# Work request:
Lines from the one containing "The Philips Hue" through the final line of the entries below: reproduce them exactly, all of them and only them.

Supplied records Block Start

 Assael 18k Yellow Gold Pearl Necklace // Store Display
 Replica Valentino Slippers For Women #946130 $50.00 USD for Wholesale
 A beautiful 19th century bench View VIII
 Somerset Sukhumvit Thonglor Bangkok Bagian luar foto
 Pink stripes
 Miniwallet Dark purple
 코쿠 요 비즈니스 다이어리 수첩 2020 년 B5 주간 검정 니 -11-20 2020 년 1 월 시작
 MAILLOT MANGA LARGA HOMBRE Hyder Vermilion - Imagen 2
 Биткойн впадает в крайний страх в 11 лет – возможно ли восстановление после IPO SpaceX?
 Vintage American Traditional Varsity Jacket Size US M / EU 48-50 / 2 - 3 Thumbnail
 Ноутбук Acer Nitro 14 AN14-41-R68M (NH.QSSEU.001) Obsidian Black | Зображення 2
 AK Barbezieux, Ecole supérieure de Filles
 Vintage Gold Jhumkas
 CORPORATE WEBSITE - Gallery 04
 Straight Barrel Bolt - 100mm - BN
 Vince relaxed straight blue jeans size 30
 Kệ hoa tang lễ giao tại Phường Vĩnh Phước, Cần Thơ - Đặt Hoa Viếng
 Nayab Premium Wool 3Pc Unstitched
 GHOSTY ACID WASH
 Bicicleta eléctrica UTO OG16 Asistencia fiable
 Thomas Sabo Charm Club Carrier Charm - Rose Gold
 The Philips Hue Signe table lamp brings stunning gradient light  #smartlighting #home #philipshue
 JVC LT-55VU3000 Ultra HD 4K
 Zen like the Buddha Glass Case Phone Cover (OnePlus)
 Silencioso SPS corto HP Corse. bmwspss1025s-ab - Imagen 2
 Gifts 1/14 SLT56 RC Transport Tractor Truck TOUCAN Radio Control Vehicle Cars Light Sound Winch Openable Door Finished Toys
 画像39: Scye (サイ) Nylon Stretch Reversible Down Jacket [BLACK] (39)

Supplied records Block End

# Completed exercise:
 The Philips Hue Signe table lamp brings stunning gradient light  #smartlighting #home #philipshue
 JVC LT-55VU3000 Ultra HD 4K
 Zen like the Buddha Glass Case Phone Cover (OnePlus)
 Silencioso SPS corto HP Corse. bmwspss1025s-ab - Imagen 2
 Gifts 1/14 SLT56 RC Transport Tractor Truck TOUCAN Radio Control Vehicle Cars Light Sound Winch Openable Door Finished Toys
 画像39: Scye (サイ) Nylon Stretch Reversible Down Jacket [BLACK] (39)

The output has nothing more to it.